(The following appeared on the Financial Post website on June 25.)
OTTAWA — Unusually harsh winter weather wreaked havoc on the on-time performance of Canadian National Railway Co. in the second quarter, according to the UBS annual survey of short line railways.
“A consistently declining score at Canadian National has led to the first defeat of the ‘scheduled railroad,’ said to Rick Patterson, UBS analyst and author of the survey. “However, we believe CN’s second-to-last-finish can at least be partially blamed on a particularly wicked winter in Canada.”
The fourth annual survey of short line railroads had management from these important feeder railways rate the performance of their larger Class I partners for on-time performance, the availability of equipment, quality of sales and marketing, and the quality of their operations during the second quarter.
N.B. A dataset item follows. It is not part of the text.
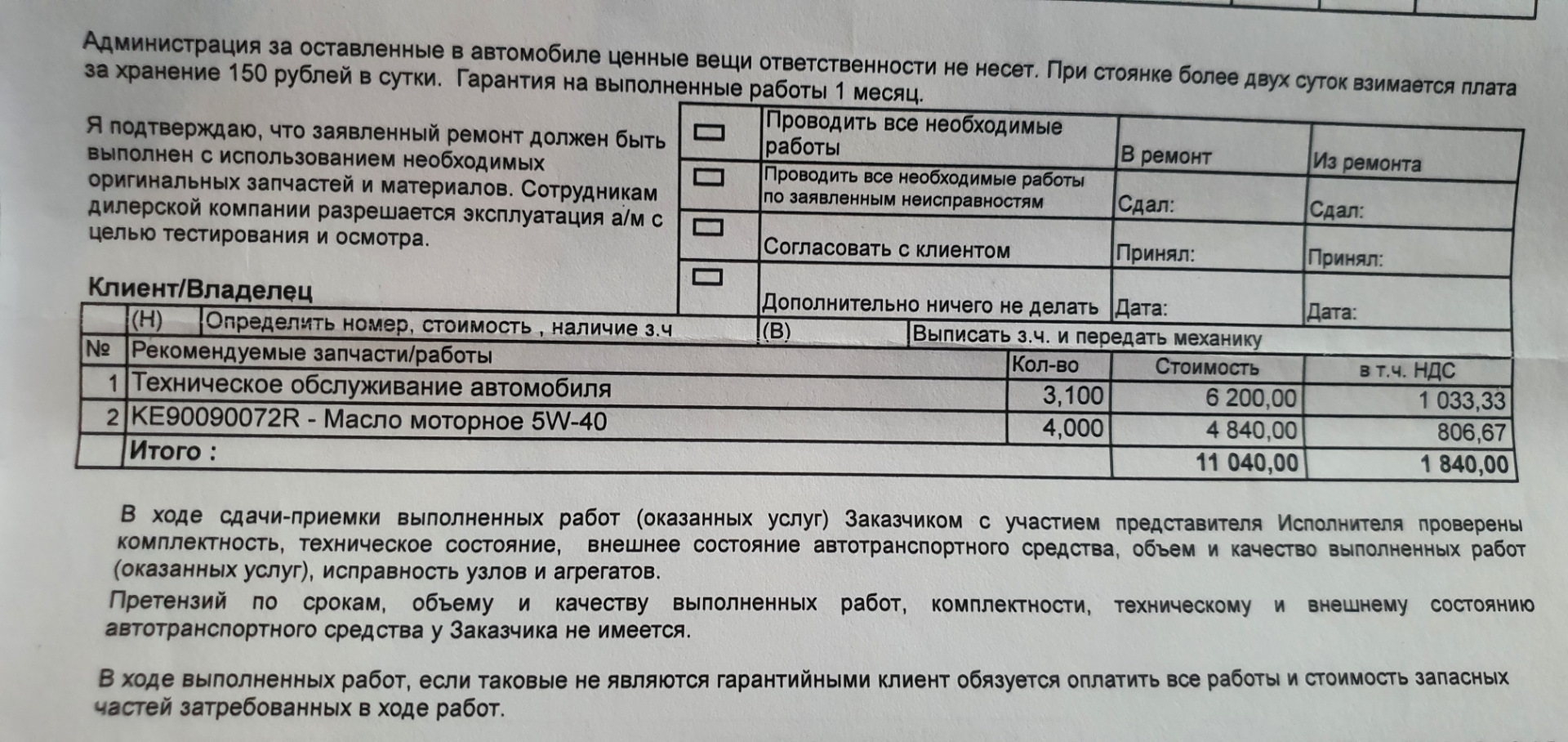 ТО 1 — 15000. Дилер налил 5w40. — Nissan X-Trail III (t32), 2 л, 2021 года  | плановое ТО | DRIVE2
While Union Pacific Corp. and CSX Corp. improved year over year, Norfolk Southern Corp. was crowned “King of the Short Lines” by UBS Tuesday. At the same time, Burlington Northern Santa Fe Corp., CN, and its smaller domestic rival, Canadian Pacific Railway Ltd., all “took a step backwards” this year, Mr. Patterson said.
“In our view, Union Pacific is the best long-term investment in the sector,” he added. “On the downside, near-term valuation does not look very appealing.”